No caminho para Marraquexe, passámos pelo exterior de um estúdio de cinema, em Ouarzazate, percorremos vales e montanhas, vimos diferentes tipos de arquitectura, de pessoas e de trajes. A paisagem da montanha do Atlas é sublime, faz-nos sentir pequenos perante a sua imponência. A meio caminho começou a cair uma chuvinha miudinha e a temperatura começou a descer.
Ao entrarmos em Marraquexe, ainda cheirava a terra molhada. Mas desta vez, a entrada na cidade não teve o mesmo impacto que dois dias antes nos causara. Naquele domingo à tarde, na praça acumulava-se já uma densa multidão. Havia gente nos terraços dos restaurantes, nos telhados, parecia decorrer um espectáculo na praça e isso atraíra ainda mais gente do que o habitual. Mas, na verdade aquele caos, para mim, era já organizado. Já não me fez diferença que os carros ou as motas circulassem entre nós, que os grupos folclóricos tocassem e tocassem a troco de uma fotografia e posterior pagamento, que os macacos soltassem para os colos dos turistas, que os encantadores de serpentes tocassem. Passados dois dias aquilo era já a minha realidade naquele local.
Ao jantar voltámos à praça para comer nas banquinhas de comida. No meio daquela gente toda, a comida até parece saber melhor e os preços não ultrapassam os 70 dirahms (equivalente a 7 euros). O que aí me fez confusão foi a pobreza que nos circula, enquanto comemos. Pedintes que nos pedem comida, coma fome estampada nos rostos, a ponto de em actos de desespero, me terem tirado do prato restos de comida ou ossos de frango.
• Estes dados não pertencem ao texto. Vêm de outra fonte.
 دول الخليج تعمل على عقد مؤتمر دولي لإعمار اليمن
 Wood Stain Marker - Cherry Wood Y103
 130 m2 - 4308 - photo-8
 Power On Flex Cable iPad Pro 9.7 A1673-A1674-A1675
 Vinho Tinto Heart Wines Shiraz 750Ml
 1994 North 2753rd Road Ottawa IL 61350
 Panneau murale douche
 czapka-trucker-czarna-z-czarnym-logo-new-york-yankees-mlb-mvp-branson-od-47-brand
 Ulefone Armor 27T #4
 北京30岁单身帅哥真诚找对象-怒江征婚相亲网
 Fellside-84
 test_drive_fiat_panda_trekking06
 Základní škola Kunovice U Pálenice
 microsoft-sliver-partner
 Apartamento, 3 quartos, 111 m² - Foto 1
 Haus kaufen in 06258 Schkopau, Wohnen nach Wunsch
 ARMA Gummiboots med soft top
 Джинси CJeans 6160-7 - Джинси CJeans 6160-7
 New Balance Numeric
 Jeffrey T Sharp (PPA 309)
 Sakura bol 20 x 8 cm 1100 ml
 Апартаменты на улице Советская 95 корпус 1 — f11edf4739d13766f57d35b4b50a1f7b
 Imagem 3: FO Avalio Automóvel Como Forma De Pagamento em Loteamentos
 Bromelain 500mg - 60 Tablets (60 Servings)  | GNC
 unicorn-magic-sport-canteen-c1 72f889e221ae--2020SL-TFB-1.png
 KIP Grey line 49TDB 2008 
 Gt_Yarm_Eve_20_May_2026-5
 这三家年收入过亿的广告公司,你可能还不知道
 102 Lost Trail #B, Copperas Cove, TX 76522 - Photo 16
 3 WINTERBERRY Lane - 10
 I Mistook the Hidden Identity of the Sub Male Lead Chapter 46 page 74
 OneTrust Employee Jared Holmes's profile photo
Não posso deixar de me impressionar com esta miséria, enquanto nós turistas nos divertimos. Pessoas que têm este tipo de atitude, assemelham-se a animais na luta pela sobrevivência… mas enfim, fiquei triste com esse lado que vi nos dois dias em que jantei na praça.
O resto da noite foi para aproveitar e fazer as últimas compras no souk e aproveitar o espírito de Marraquexe. Como diz Miguel Sousa Tavares, não tenho dúvida que esta é mesmo “a cidade da alegria” e ao que me pareceu também, uma cidade que nunca se cansa, nem dorme.